Ponieważ chociaż mamy praktycznie połowę września pogoda niczym letnia 😊😘❗🌻

Na szczęście i oby tylko tak dłużej❗

Jak najdłużej❗❗❗🌞

Więc kuszę, kuszę i jeszcze raz kuszę 😉

Dlatego dzisiaj w przerwie pomiędzy oddawaniu się błogiemu relaksowi na Słońcu, otulając się w jego promieniach mój poniższy post daleko, bardzo daleko odbiegający od mrocznego(❓), acz fascynującego świata polityki😊 Też o świecie, jednak kolejna część tego moich ukochanych zapachów 😊

Serdecznie zapraszam do jego lektury i wybierzmy się w tę cudowną podróż razem, wspólnie❗😘

Wild Pearl”. „Dzika Perła” tłumacząc na język polski.
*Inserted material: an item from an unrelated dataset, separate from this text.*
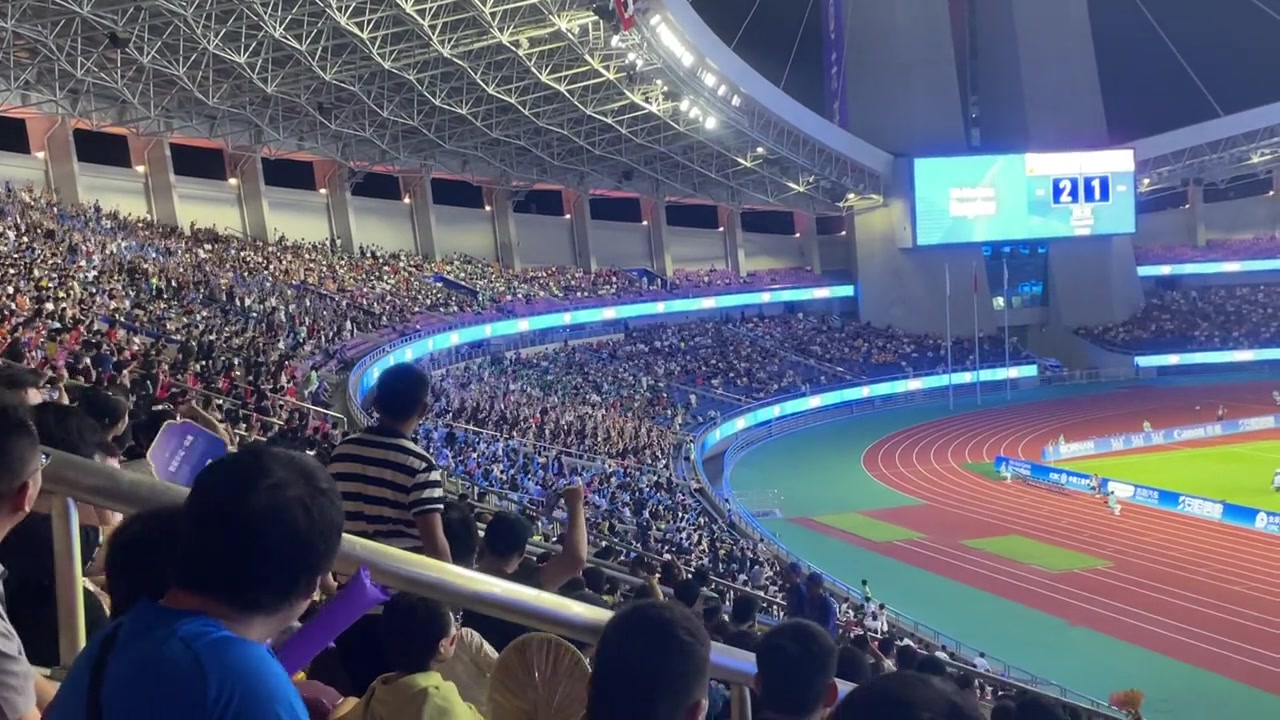 国足4-0大胜缅甸！现场球迷玩起人浪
To kolejny z zapachów wspomnianej w poście o moim świecie zapachów pani Naomi Campbell.

Wild Pearl” jest jednak inny niż te, do których (przynajmniej wcześniej) przyzwyczaiła nas Naomi znana z klasycznej urody oraz egzotycznej aury kobiecości.

Jaki❓

Zaliczany do kwiatowo-owocowych, ale w moim odczuciu chłodniejszy i mniej słodki, jak również o nutach tzw. pudrowo-wodnych. Znajdziemy w nim: moje ulubione: fiołki (ten biały to ulubiony kwiat narodzonej z piany morskiej Afrodyty – greckiej bogini miłości, w starożytnym Rzymie – Wenus), jaśmin oraz brzoskwinię. I odrobinę wanilii.
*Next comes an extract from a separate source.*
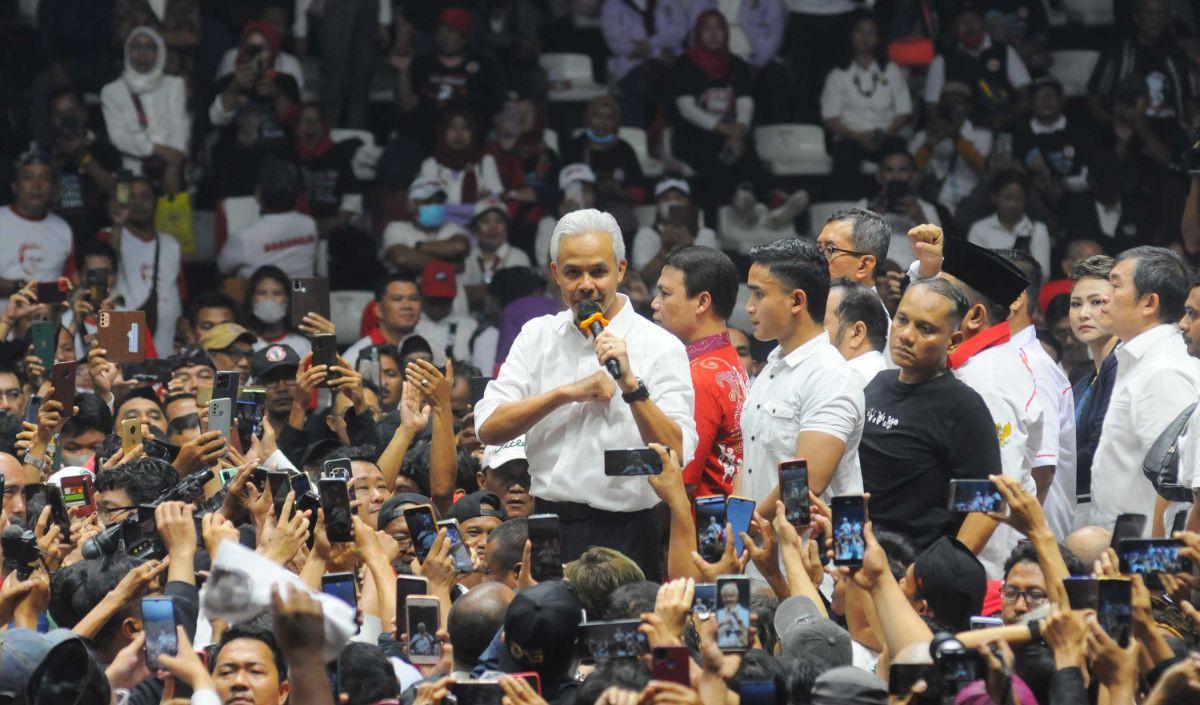 Dia menduga, relawan pendukung yang memasang baliho raksasa Ganjar tersebut<br>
Wita nas wonią nut soczysto-owocowych łagodnie przechodząc w wytworne, bardzo kobiece motywy kwiatowe, by w końcu uwolnić zmysłowe drzewne. Odświeżający arbuz, oraz energia czerwonego pieprzu przemieniają się w słodką, dojrzałą brzoskwinię. Odnajdziemy też i kwiat jabłoni oraz sporo innych.

Myślę, że perfum nie wszystkim przypadłby do gustu. Na pewno jest interesującym, wzbudzającym ciekawość.
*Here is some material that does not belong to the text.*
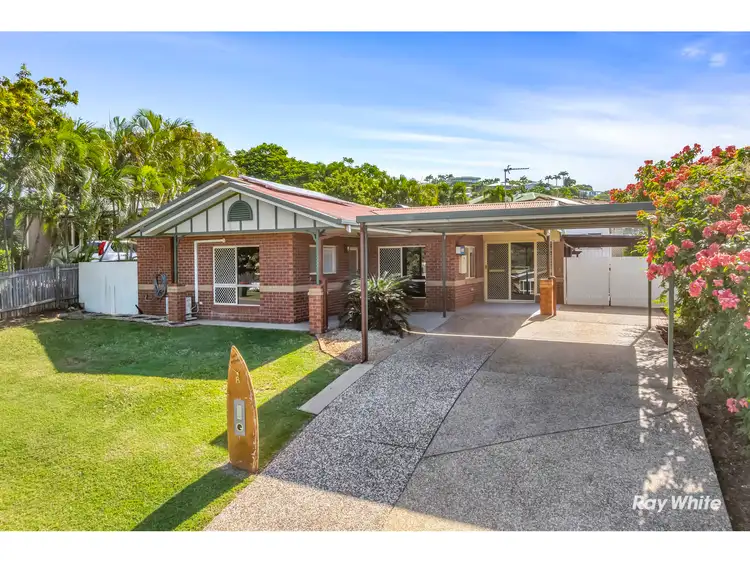8 Benowa Drive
Nawiązując do samej nazwy perła stanowi dla mnie kwintesencję elegancji. Jeden z tych symboli ponadczasowego dostojeństwa.

Zapach otulający, delikatny, można użyć słowa wdzięczny, ale zarazem mający w sobie coś dystyngowanego – jak wspomniane perły. Subtelny, połyskujący, jednak nie nachalny. Według mnie nadający się na miesiące wiosenno-letnie. Dyskretnie rozświetlający naszą aurę niczym perły w blasku promieni słońca jednocześnie pobudzając zmysły. Wyostrzając je! Myślę, że zapach świetnie skomponuje się ze skórą muśniętą słońcem. Mają (przynajmniej w moim odczuciu) w sobie jakąś egzotykę, jakiś jej rodzaj, ale absolutnie nie ma tutaj mowy o niczym ciężkim❗ Myślę, iż stanowią idealne połączenie z założonym na szyję subtelnym naszyjnikiem z pereł łącząc się z nimi❗ Ja sama nie używałam ich jednak każdego dnia.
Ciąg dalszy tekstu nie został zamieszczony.